Bryan has a pleasant, if slightly nasal, baritone, but there isn’t a vocal performance on Tailgates & Tanlines that couldn’t be replicated by any number of other guys on Music Row. His phrasing on “Kiss Tomorrow Goodbye” is flat and by the book, and “Tailgate Blues” doesn’t add any real grit or depth to the misery he ostensibly feels. He sounds like he’s having fun with lead single “Country Girl (Shake It for Me),” but someone like Blake Shelton or Chris Young could’ve sold the song with far more swagger. Bryan hits all the right notes, but he lacks the presence to make songs like “Been There, Done That” or his cover of “Too Damn Young” (which, tellingly, was a standout on the underrated Julie Roberts’s Men and Mascara) sound definitively his.
If his singing isn’t distinctive, at least Byran’s songwriting occasionally shows a more unique voice. He’s able to incorporate his signifiers of rural living into his narratives in a more natural, less pandering way than many of his peers. To that end, songs like “Harvest Time” and “Muckalee Creek Water” have an actual purpose beyond being laundry lists of things that people in the South are familiar with. There may not be much depth to Bryan’s original songs (“Country Girl” aspires to nothing more than some good, wholesome ass-shaking, and “Been There, Done That” relies too heavily on its titular expression to make its point), but at least he doesn’t insult his audience’s intelligence by pandering to them.

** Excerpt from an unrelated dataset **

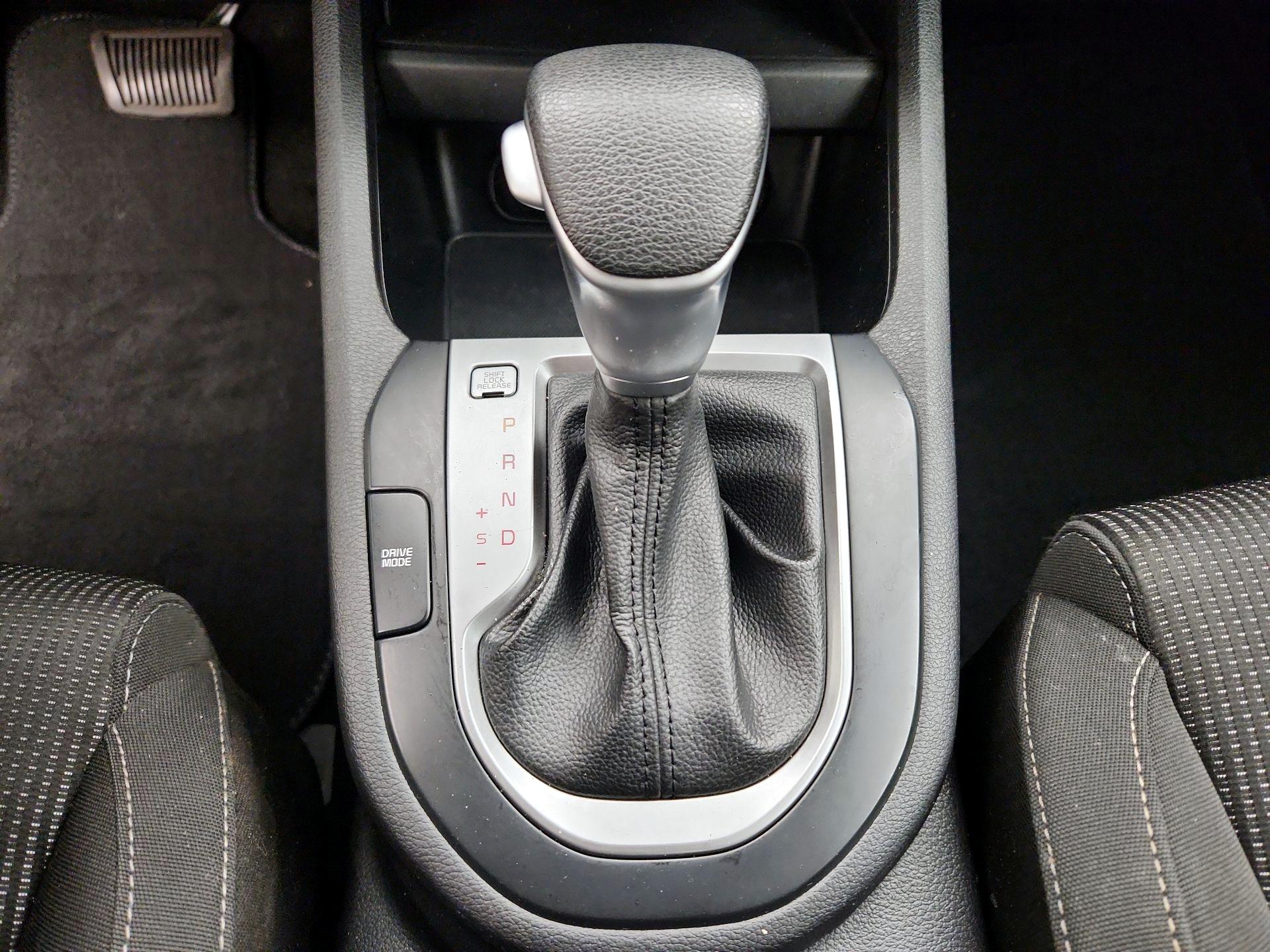 Thumbnail: 2020 Kia Forte - 17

That the lack of “list” songs stands as a selling point ultimately says more about the state of country music today than it does about Tailgates & Tanlines, since the majority of its songs are still largely pedestrian in their themes and execution. “I Don’t Want This Night to End” is a rote romantic ballad, and “Drunk on You” uses a central metaphor that’s at least a good decade past its sell-by date. There’s nothing to distinguish “Kiss Tomorrow Goodbye” or “I Know You’re Gonna Be There” from the copious filler on Chris Young’s Neon or Blake Shelton’s middling Red River Blue.
“Too Damn Young” is an obvious exception, trading equally in nostalgia and regret, and “You Don’t Know Jack” transcends the trappings of the typical cautionary tale. Instead, that song conveys a genuine sense of empathy for those undone by alcoholism, even if the pun in its title is far too easy. “Tailgate Blues,” on which Ashton Shepherd provides fantastic backing vocals, boasts the album’s most robust melody and cleverly subverts the connotations of tailgating.
Had Bryan taken more risks of that sort with his song selection and writing, Tailgates & Tanlines might have been an interesting album. But there’s no appreciable ambition here. Bryan’s performances are workmanlike, as is Jeff Stevens’s slick production, so there’s nothing on the album to make it stand out from the rest of the Music Row assembly line. It’s never more than competent.